- _Excerpts from a dataset_
______

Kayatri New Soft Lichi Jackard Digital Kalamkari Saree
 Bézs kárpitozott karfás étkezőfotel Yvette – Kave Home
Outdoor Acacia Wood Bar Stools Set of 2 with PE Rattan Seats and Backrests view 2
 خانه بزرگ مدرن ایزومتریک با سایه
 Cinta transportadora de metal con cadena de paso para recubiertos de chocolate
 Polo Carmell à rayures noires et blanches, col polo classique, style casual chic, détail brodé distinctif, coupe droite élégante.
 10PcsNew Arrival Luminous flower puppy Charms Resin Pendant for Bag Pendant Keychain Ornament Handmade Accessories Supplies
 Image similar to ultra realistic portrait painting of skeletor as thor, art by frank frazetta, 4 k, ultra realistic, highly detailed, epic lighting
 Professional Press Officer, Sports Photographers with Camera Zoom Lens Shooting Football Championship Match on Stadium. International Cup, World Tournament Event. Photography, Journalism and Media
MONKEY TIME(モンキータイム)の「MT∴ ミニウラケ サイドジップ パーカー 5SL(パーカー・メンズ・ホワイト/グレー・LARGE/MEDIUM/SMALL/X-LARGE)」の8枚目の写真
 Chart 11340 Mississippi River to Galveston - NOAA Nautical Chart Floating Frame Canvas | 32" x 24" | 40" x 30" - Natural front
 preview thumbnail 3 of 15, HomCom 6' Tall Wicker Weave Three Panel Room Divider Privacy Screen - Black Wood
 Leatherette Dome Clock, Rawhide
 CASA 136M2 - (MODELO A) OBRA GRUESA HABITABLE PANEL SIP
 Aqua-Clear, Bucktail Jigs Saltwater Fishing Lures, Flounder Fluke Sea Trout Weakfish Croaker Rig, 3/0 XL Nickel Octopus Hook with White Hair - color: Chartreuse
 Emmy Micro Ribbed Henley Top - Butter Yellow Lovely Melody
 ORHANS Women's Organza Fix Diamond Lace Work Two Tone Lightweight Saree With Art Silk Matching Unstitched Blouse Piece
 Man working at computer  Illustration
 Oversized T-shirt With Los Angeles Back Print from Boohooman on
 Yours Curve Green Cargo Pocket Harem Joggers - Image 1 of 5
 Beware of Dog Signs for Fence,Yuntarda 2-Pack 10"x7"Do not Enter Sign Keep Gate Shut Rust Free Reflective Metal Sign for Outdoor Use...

______

- _Problem details_
The lines above, from the start of the records through the one containing "Image similar to", are to be printed exactly, and nothing else is to be included.

- _Task answer_
Kayatri New Soft Lichi Jackard Digital Kalamkari Saree
 Bézs kárpitozott karfás étkezőfotel Yvette – Kave Home
Outdoor Acacia Wood Bar Stools Set of 2 with PE Rattan Seats and Backrests view 2
 خانه بزرگ مدرن ایزومتریک با سایه
 Cinta transportadora de metal con cadena de paso para recubiertos de chocolate
 Polo Carmell à rayures noires et blanches, col polo classique, style casual chic, détail brodé distinctif, coupe droite élégante.
 10PcsNew Arrival Luminous flower puppy Charms Resin Pendant for Bag Pendant Keychain Ornament Handmade Accessories Supplies
 Image similar to ultra realistic portrait painting of skeletor as thor, art by frank frazetta, 4 k, ultra realistic, highly detailed, epic lighting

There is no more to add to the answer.